Bobby Charles (Deluxe Edition)

(Rhino Handmade / Light in the Attic; US: 15 Nov 2011; UK: 15 Nov 2011)

Homemade Songs

Bobby Charles was a unique musical talent. The Louisiana native with Cajun roots brought all the swampy sounds and deep culture of his home to his music, but Charles’s songs also took a village to raise. Charles himself was a pure songwriter, one that operated more on intuition than musical ability. He didn’t really play instruments, but when he was a teenager he wrote hits like “See You Later, Alligator” and “Walking to New Orleans” that are classics to this day. Charles was a songwriting prodigy, a guy who worked out the words and some sort of melody in his head, and then enlisted friends to flesh them out with twangy, lush instrumentation.

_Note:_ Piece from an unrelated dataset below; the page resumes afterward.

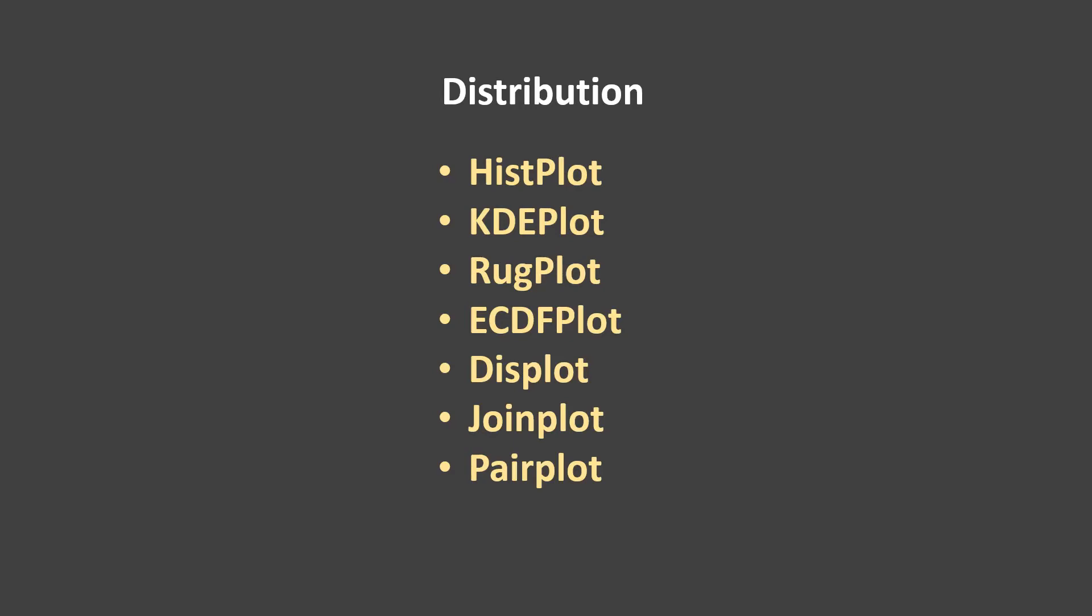In this video, we will learn about rugplot, which is going to be simple, quick, and interesting as well.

Charles only released one album in the ‘70s, 1972’s Bobby Charles, but it is an undeniable classic, one of the great pop records the decade offered. At a time where singer-songwriters were everywhere – the 1970-‘74 bin at the record store is still an endless source of inspiration for modern folk and pop acts – Charles released a record that stood above the rest. Since four out of five members of the Band play on the record and it sure sounds like a Band record (albeit a more shuffling version of one), some have called this an unofficial part of that group’s catalogue. But while to do so may be a decent descriptor, it is also dismissive of Charles’s singular talents and charm.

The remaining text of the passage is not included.